Last year, retailers sprang into action. Tanking foot traffic and consumers’ undeniable shift toward e-commerce propelled them forward and forced them to experiment. They set about realigning their store fleets, rejiggering assortments and reacquainting themselves with today’s shopper.
“This was the year the blinders came off for a sector that had gone relatively unchanged for decades,” said Anya Cohen, a retail analyst at IBIS World.
And what they saw was an urgent need for change.
The result of the near-frantic energy that followed was a lot—a lot of acquisitions, a lot of collaborations, a lot of new concepts and a lot of restructuring. It gave us: Stores without product. Stores as fulfillment centers—for their own chains as well as other retailers. Stores offloading square footage to the most unlikely takers. Stores on inventory diets. Stores re-engineering their supply chains. And stores springing up under online pure-play banners.
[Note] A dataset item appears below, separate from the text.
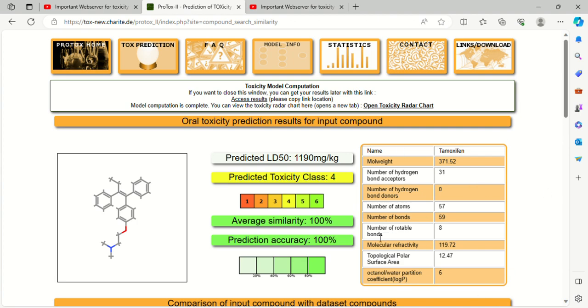In the next video, I will tell you how you can develop the QSAR with the help of these parameters only. This is a free software, free web server. Only you have to draw the structure on your notebook. After that, you can draw the same on the website and obtain their physicochemical properties. With the help of physicochemical properties, we can develop the QSAR.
More questions than answers
“2017 was the year of the freak out,” said Melina Cordero, head of retail research in the Americas for real estate services firm CBRE. “There was a lot of fear in 2017. Is retail dead? Is e-commerce going to take over? What’s the future holding?”
According to Howard Davidowitz, chairman of retail consulting and investment banking firm Davidowitz & Associates, last year was “chaos.” And though he’s excited about the direction the economy is headed—employment’s up, businesses are investing—he doesn’t think this year will be much better in some ways. “There’s going to be another gigantic wave of store closures,” he said. “We’re insanely overstored and all the growth is online.”
Davidowitz said we haven’t even scratched the surface in terms of rightsizing the retail square footage problem.
Though unpopular, his outlook echoes predictions from Cushman & Wakefield, which anticipates up to 11,000 store closures this year, a number that eclipses last year’s “apocalypse” by 30 percent.
That total also factors in potential bankruptcies from stores that struggled throughout 2017 like J. Crew, Neiman Marcus and The Bon-Ton Stores.
Cohen said she anticipates some doors closing, starting with those that were announced last year. Beyond those, she feels many of the shuttered doors will come from retailers who hesitated in 2017.
“If they didn’t make the strategic defensive store closures over the last year, store closures in 2018 will likely be more defensive and less controlled,” Cohen said. Similarly, she said any bankruptcies coming our way this year will result from retail executives who either stuck their heads in the sand or did too little too late.
From Cordero’s point of view, 2017 was the nadir for a lot of things, including bankruptcies and closures for one main reason: “The e-commerce growth and the requirement and burden on brick and mortar brands [to adapt to it] was huge in terms of costs and not all retailers were prepared to adapt to that so in the last 18 months those that couldn’t afford or get on board with the transition dropped off,” she said.
The calm after the storm
That so many retailers braved the challenge last year and therefore are now past this critical stage is one reason Cordero anticipates this year will bring some calm and a bit of optimism. “2018 is ‘Ok, this isn’t going to be as bad as the worst headlines suggested. Let’s rethink, re-strategize and spend a little money,’” she said.
One avenue forward is through mergers and acquisitions. Some companies discovered this path last year, and Cordero said more will explore it going forward because change is costly. It takes investment to remodel a store, institute the infrastructure for in-store pickup or develop analytics to help you learn your customer better.
“If you think about repurposing a mall or re-tenanting a mall takes a lot of money to buy out leases to physically alter the structure, it takes a lot of money,” she said. “A lot of these brands have a lot of promise and a lot of potential but if they don’t have the capital, and mergers and acquisitions are a way to access that capital.”
M&A is also an avenue for putting R&D into hyper drive.
As illustrated by some deals we saw in 2017 like Walmart acquiring Bonobos or Amazon picking up Whole Foods, these transactions allow companies to reach beyond their comfort zones.
“This is a pretty unprecedented time in retail sector. I think we’ll see more M&A and collaboration activity among retailers that you wouldn’t necessarily pair together,” Cohen said. “Retailers can benefit a lot from acquiring another company both from learning more about how successful companies operate and also being able to expand their client base.”
The early results
Ultimately, no matter what analysts say, how the year unfolds will be—as it always is—based on how the strategies from the last 365 days played out.
“This will be the year that retailers that have put in the legwork to adapt will either see the fruits of their labor or realize what they did wasn’t enough,” Cohen said.
And we started to see the dividends during November and December when spending topped expectations, Cohen said. Not discounting the effect of the strong consumer confidence, she said the 4.9% growth in holiday spending was a reflection on retailers’ efforts throughout last year.
“To have year-on-year gains in holiday spending for these brick and mortar retailers that show really low spending last year compared to historical averages, there is something to be said for the implementation of a new strategy and the success of that strategy,” Cohen stated. “2018 will be the year of pay off or die off.”